In [None]:
The sudden rush of people to formerly-sparse city centers has created some undesirable effects such as increased housing prices, and raised concerns over gentrification in historically working-class neighborhoods. Currently the housing market is tight in our hottest cities, leading to a housing crisis.
https://www.tennessean.com/story/opinion/columnists/david-plazas/2018/07/13/affordable-housing-nashville-urban-crisis-grows-more-severe/777899002/

Importantly, it's common that gentrification complaints are much ado about nothing. Research has failed to find much displacement caused by gentrification in America, and this could mean that urban house prices are, in general, not rising very fast.

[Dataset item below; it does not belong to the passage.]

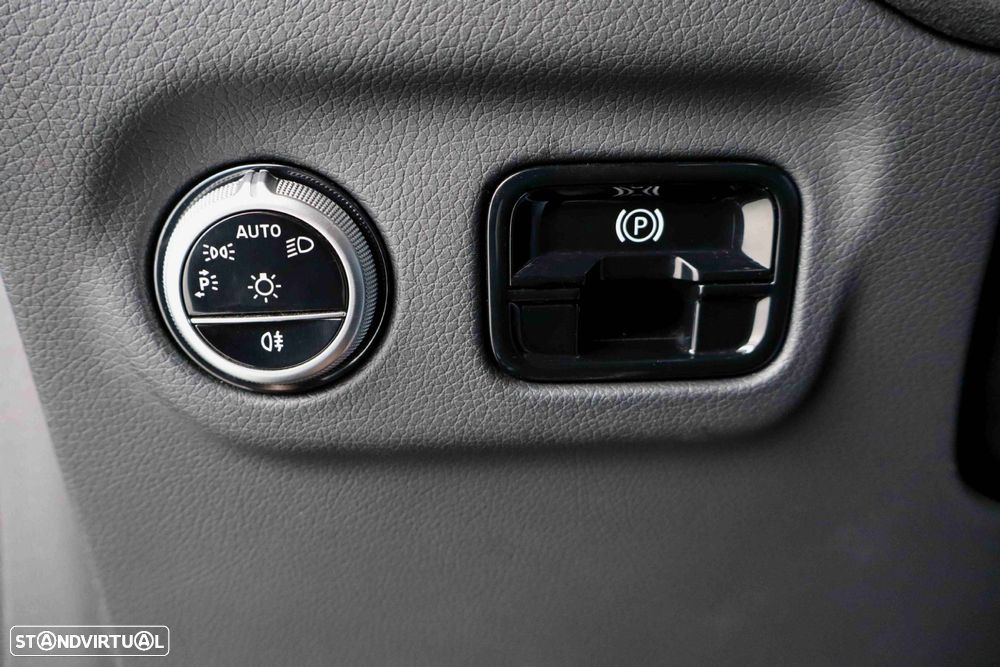 Mercedes-Benz EQE 350+ AMG Line - 14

https://www.planetizen.com/blogs/105866-gentrification-mania

In [None]:
#Plotting average PPS per month
df.groupby(df['Sale Date'].dt.to_period('M'))['PPS'].median().plot(figsize=(9,9))
plt.ylabel('Median PPS', fontsize=15)
plt.xlabel('Sale Date', fontsize=15)
plt.title('Median PPS Over Time', fontsize=15)
#Look for luxury development completed in Jan 2018

In [None]:
#Plotting median sale price to compare to PPS
df.groupby(df['Sale Date'].dt.to_period('M'))['Sale Price'].median().plot(figsize=(8,8))
plt.xlabel('Sale Date', fontsize=15)
plt.ylabel('Median Sale Price (thousands)', fontsize=15)
plt.title('Median Sale Price Over Time', fontsize=15)

In [1]:
#Plotting Sale Count to see if there's any correlation
#Note that sale price correlates with the sale volume (exhibits similar seasonality)
df.groupby(df['Sale Date'].dt.to_period('M'))['Sale Price'].count().plot(fontsize=12, figsize=(12,8))
plt.ylabel('Sales Count', fontsize=15)
plt.xlabel('Sale Date', fontsize=15)
plt.title('Sale Count by Month', fontsize=15)
#Check against another city or housing index, MLS has publicly available data and Redfin to see if the pattern is normal

NameError: name 'df' is not defined

## Median sale price of a house in Nashville has increased over 40% in 5 years (according to Davidson County data).

Meanwhile the Consumer Price Index shows an inflation rate of [8.3%](https://www.usinflationcalculator.com/) over the same time period.

Nationally, median sale price of a house has grown very close to the inflation rate. Nashvillian prices are rising much faster.

![Source](https://fred.stlouisfed.org/graph/fredgraph.png?g=oNxC)

### Do I think this means Nashville's market is absolutely on fire right now? No.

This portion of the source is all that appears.